• [Source data]:
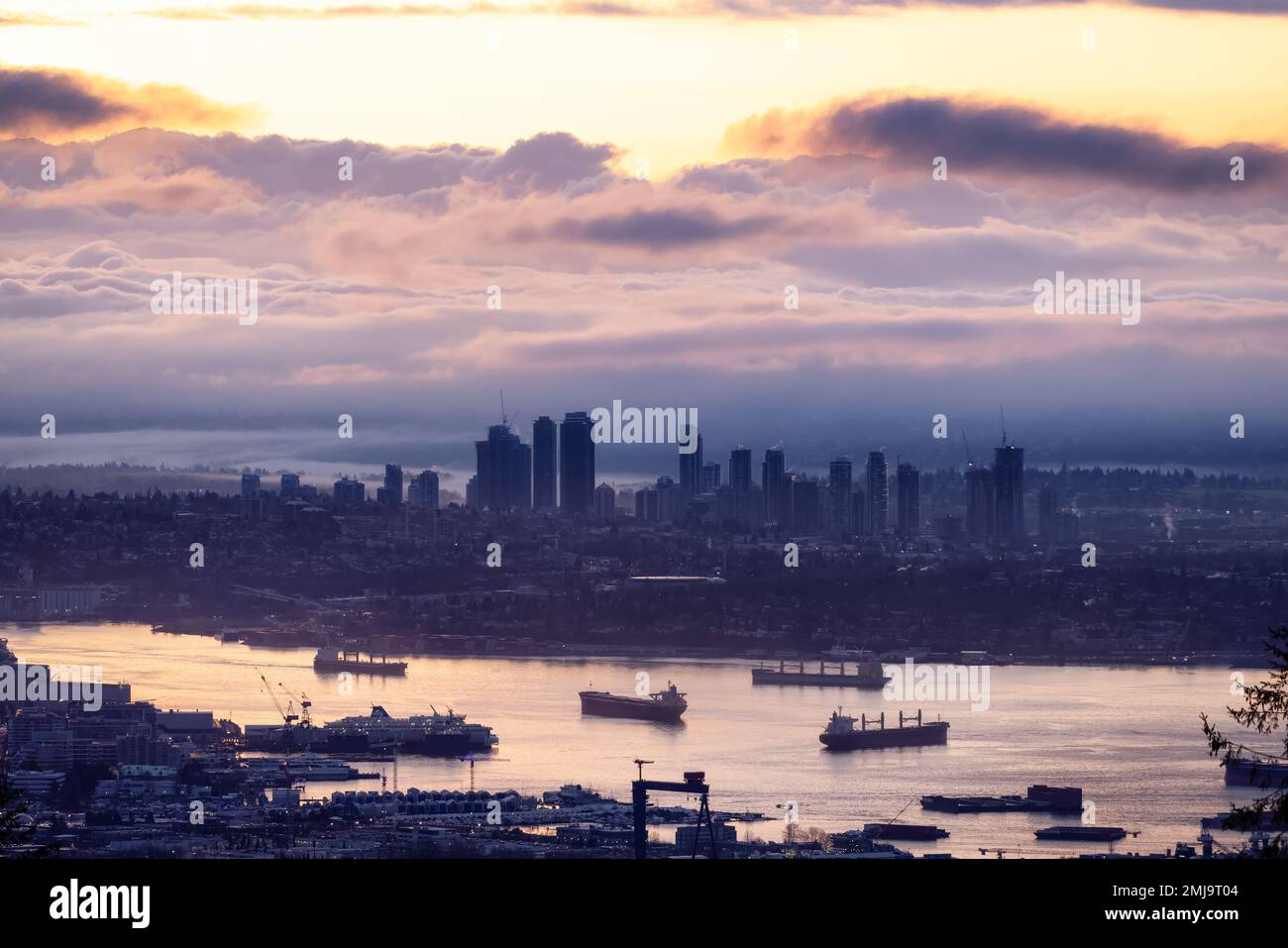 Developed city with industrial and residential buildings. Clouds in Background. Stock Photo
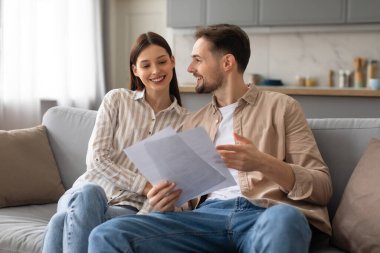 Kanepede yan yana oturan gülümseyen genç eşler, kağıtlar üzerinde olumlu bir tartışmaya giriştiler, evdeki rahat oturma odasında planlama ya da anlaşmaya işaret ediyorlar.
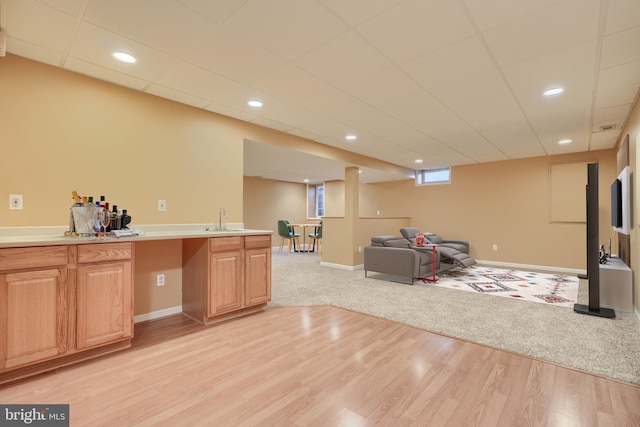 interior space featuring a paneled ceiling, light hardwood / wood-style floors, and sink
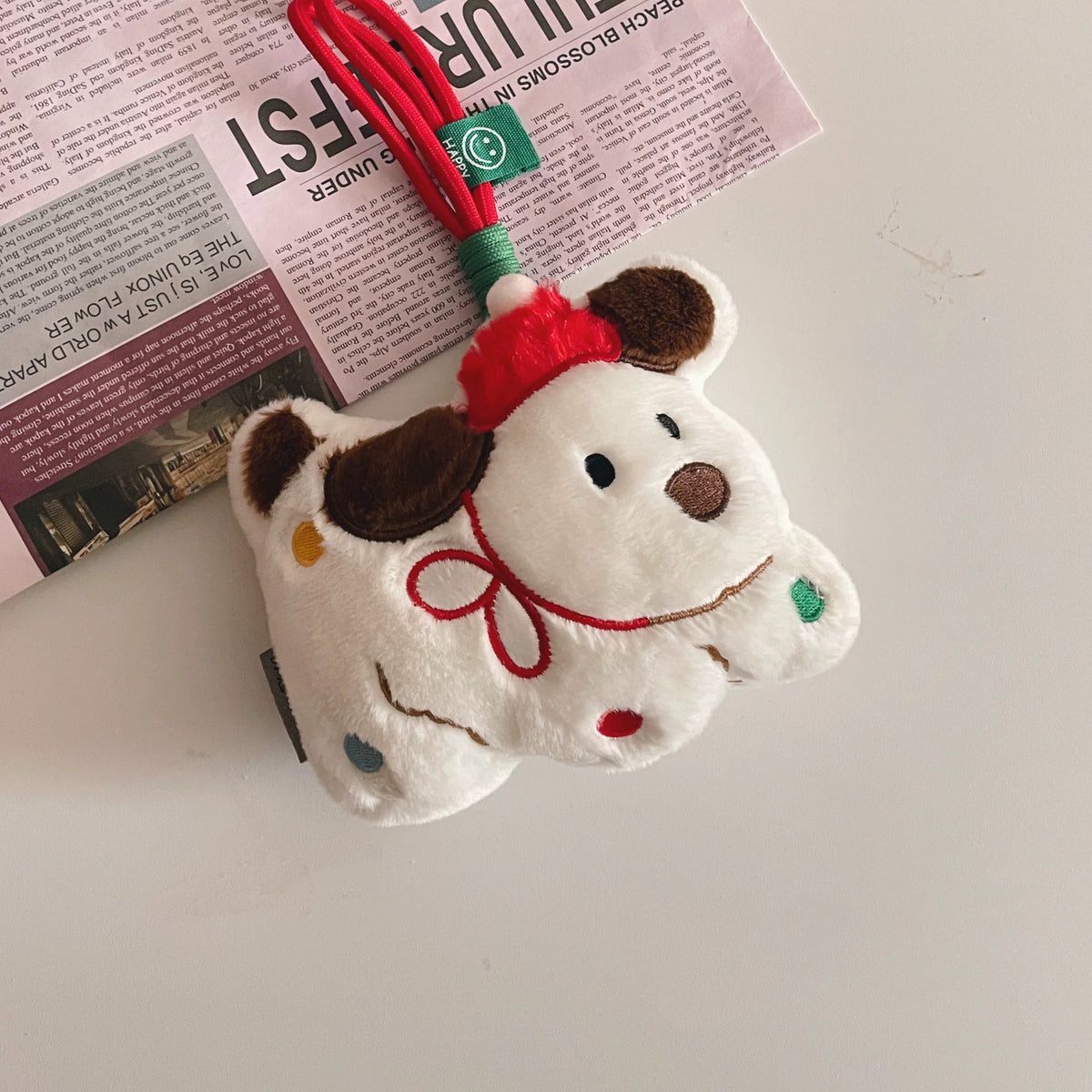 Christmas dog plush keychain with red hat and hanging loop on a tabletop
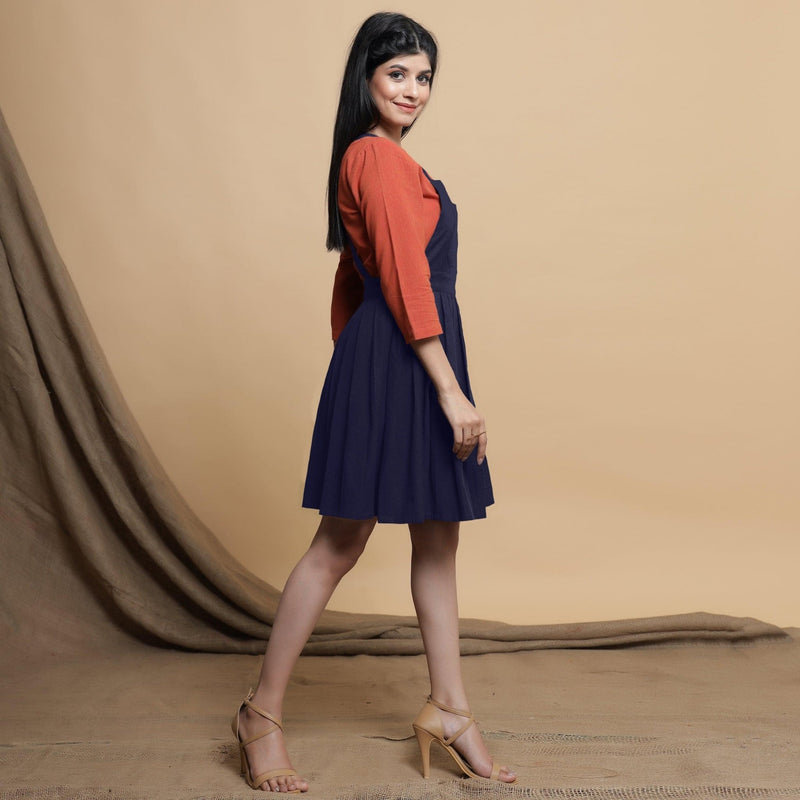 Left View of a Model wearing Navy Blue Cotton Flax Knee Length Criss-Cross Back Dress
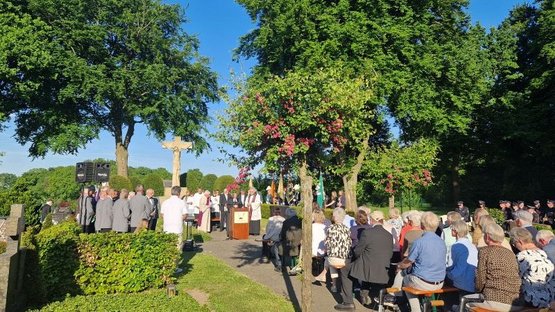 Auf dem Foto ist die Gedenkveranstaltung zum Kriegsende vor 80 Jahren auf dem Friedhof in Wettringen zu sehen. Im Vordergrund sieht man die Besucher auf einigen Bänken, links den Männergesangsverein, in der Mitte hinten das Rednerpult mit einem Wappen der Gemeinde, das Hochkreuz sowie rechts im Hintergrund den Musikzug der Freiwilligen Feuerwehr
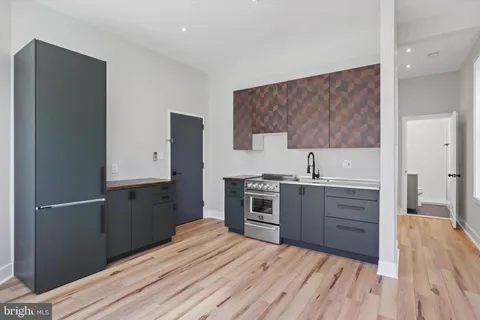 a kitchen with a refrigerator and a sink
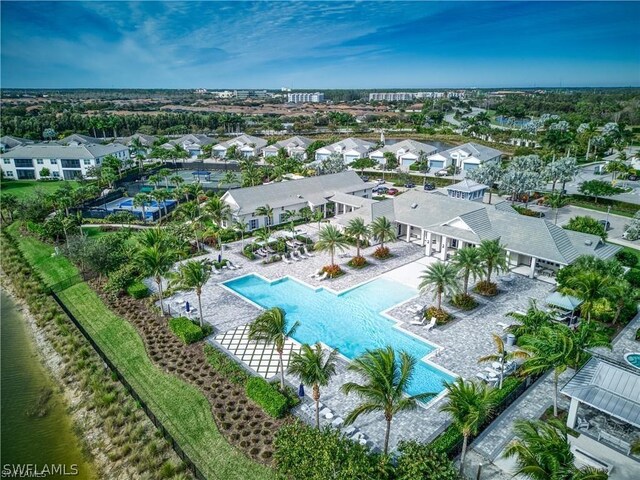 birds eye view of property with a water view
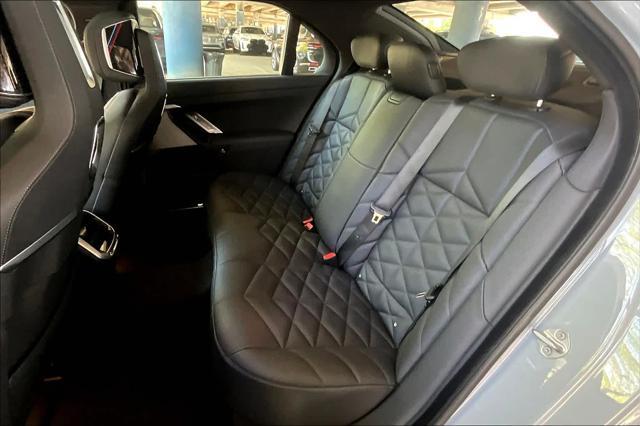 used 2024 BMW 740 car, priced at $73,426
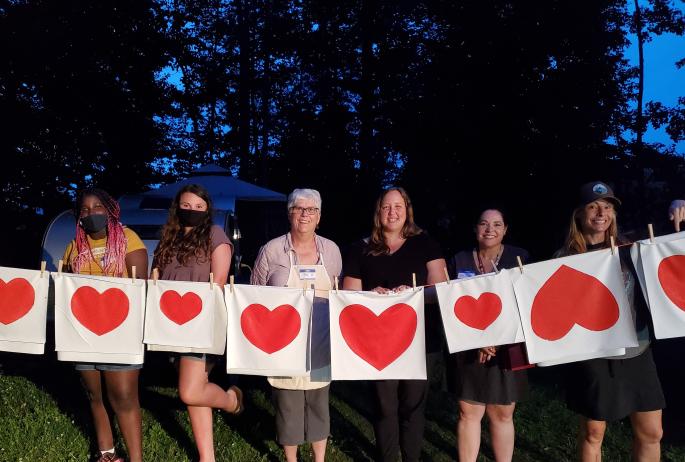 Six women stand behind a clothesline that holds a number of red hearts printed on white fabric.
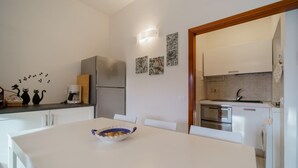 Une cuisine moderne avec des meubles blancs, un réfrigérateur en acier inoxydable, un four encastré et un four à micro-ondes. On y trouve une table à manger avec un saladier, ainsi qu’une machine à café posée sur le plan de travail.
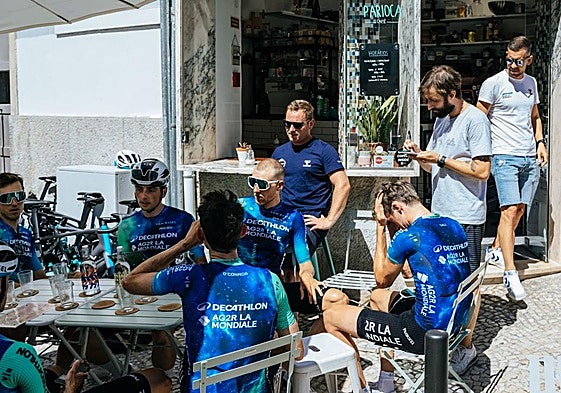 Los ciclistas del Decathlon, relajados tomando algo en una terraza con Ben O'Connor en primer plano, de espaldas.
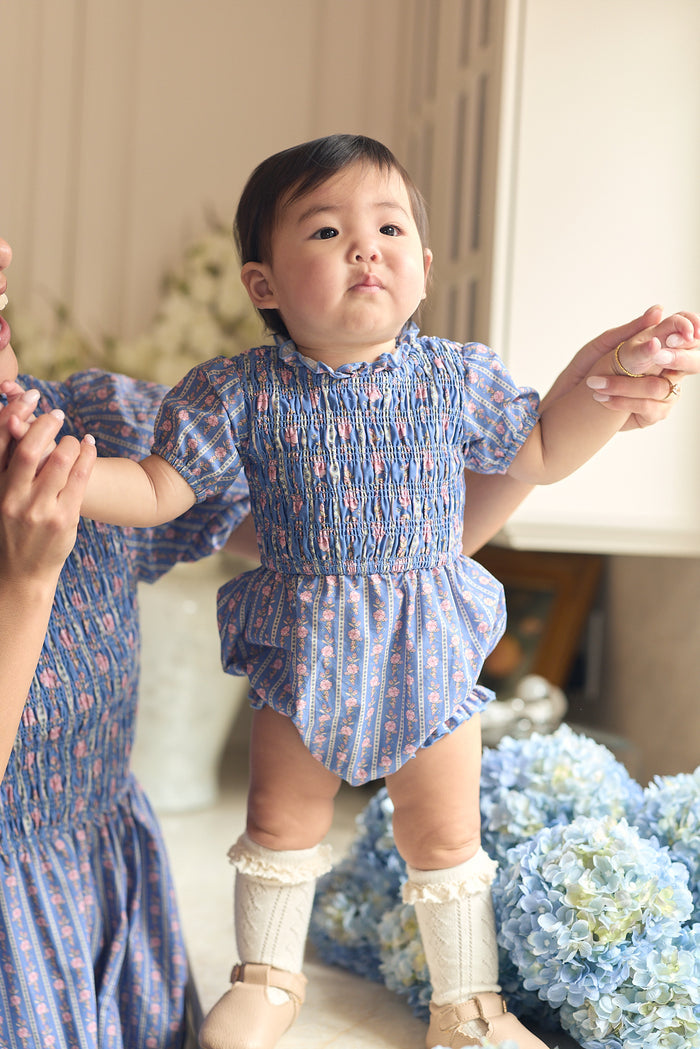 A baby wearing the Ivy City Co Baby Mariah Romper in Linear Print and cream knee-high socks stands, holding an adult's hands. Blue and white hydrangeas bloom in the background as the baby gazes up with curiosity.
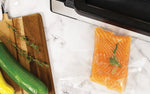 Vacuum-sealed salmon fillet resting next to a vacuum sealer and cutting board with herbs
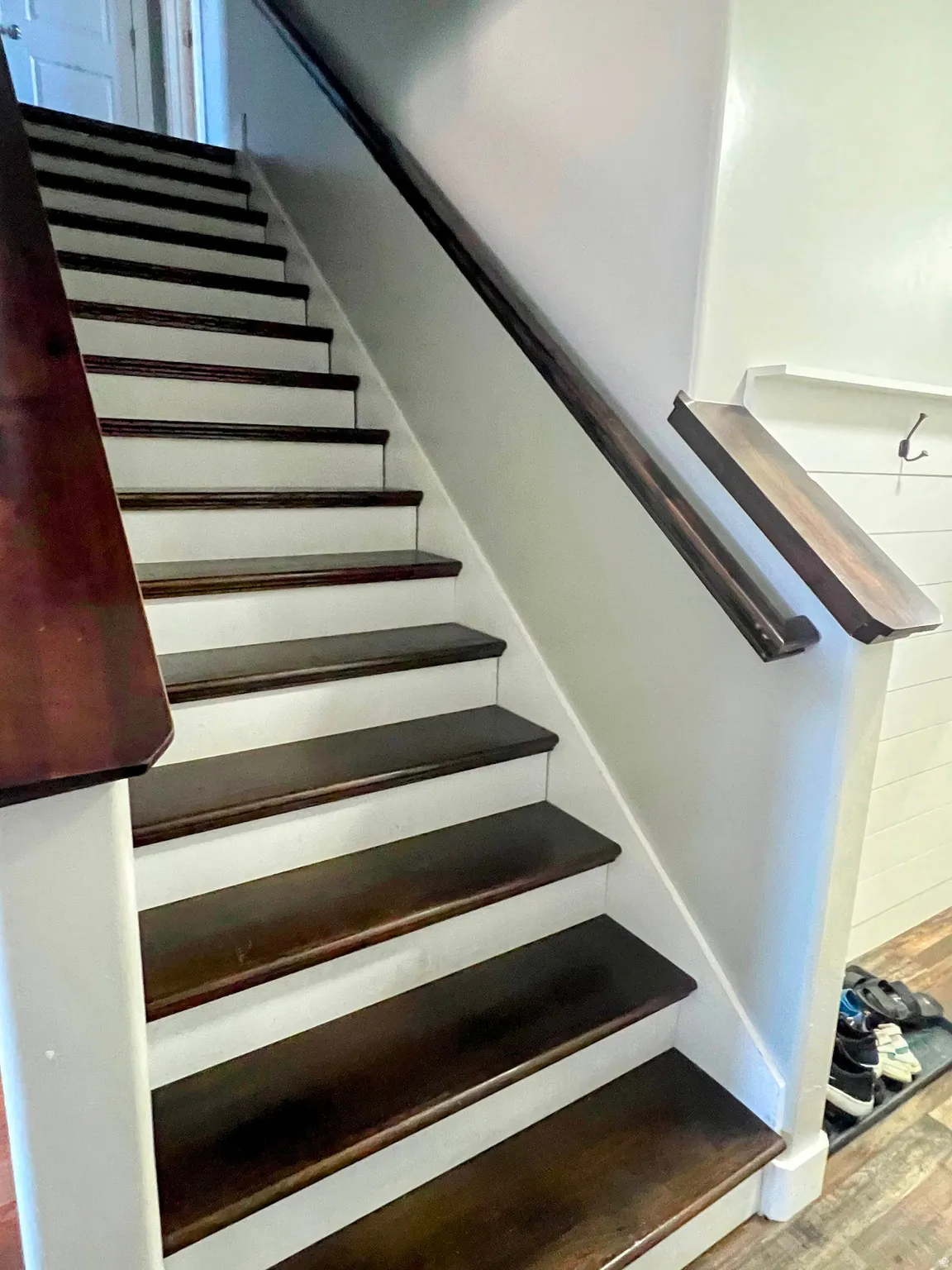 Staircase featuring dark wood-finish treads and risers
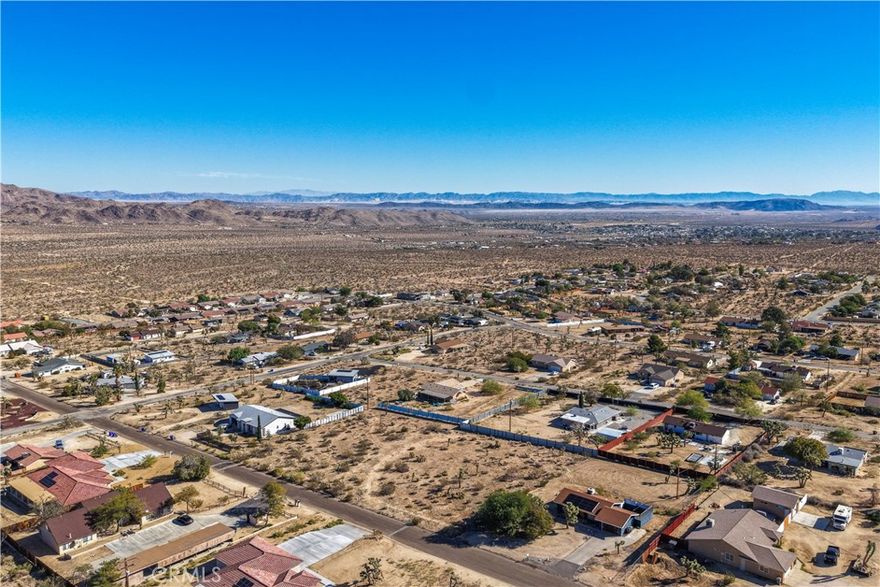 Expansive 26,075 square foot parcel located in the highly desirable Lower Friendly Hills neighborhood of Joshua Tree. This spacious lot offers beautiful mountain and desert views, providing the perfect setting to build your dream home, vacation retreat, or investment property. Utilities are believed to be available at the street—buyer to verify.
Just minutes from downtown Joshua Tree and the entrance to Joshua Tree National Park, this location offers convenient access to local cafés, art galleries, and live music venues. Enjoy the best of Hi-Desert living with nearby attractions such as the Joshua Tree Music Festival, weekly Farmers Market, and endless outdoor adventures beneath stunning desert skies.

• [What needs to be done]: Copy each entry exactly, with no pictures.

• [Solution for this problem]:
 Developed city with industrial and residential buildings. Clouds in Background. Stock Photo
 Kanepede yan yana oturan gülümseyen genç eşler, kağıtlar üzerinde olumlu bir tartışmaya giriştiler, evdeki rahat oturma odasında planlama ya da anlaşmaya işaret ediyorlar.
 interior space featuring a paneled ceiling, light hardwood / wood-style floors, and sink
 Christmas dog plush keychain with red hat and hanging loop on a tabletop
 Left View of a Model wearing Navy Blue Cotton Flax Knee Length Criss-Cross Back Dress
 Auf dem Foto ist die Gedenkveranstaltung zum Kriegsende vor 80 Jahren auf dem Friedhof in Wettringen zu sehen. Im Vordergrund sieht man die Besucher auf einigen Bänken, links den Männergesangsverein, in der Mitte hinten das Rednerpult mit einem Wappen der Gemeinde, das Hochkreuz sowie rechts im Hintergrund den Musikzug der Freiwilligen Feuerwehr
 a kitchen with a refrigerator and a sink
 birds eye view of property with a water view
 used 2024 BMW 740 car, priced at $73,426
 Six women stand behind a clothesline that holds a number of red hearts printed on white fabric.
 Une cuisine moderne avec des meubles blancs, un réfrigérateur en acier inoxydable, un four encastré et un four à micro-ondes. On y trouve une table à manger avec un saladier, ainsi qu’une machine à café posée sur le plan de travail.
 Los ciclistas del Decathlon, relajados tomando algo en una terraza con Ben O'Connor en primer plano, de espaldas.
 A baby wearing the Ivy City Co Baby Mariah Romper in Linear Print and cream knee-high socks stands, holding an adult's hands. Blue and white hydrangeas bloom in the background as the baby gazes up with curiosity.
 Vacuum-sealed salmon fillet resting next to a vacuum sealer and cutting board with herbs
 Staircase featuring dark wood-finish treads and risers
 Expansive 26,075 square foot parcel located in the highly desirable Lower Friendly Hills neighborhood of Joshua Tree. This spacious lot offers beautiful mountain and desert views, providing the perfect setting to build your dream home, vacation retreat, or investment property. Utilities are believed to be available at the street—buyer to verify.
Just minutes from downtown Joshua Tree and the entrance to Joshua Tree National Park, this location offers convenient access to local cafés, art galleries, and live music venues. Enjoy the best of Hi-Desert living with nearby attractions such as the Joshua Tree Music Festival, weekly Farmers Market, and endless outdoor adventures beneath stunning desert skies.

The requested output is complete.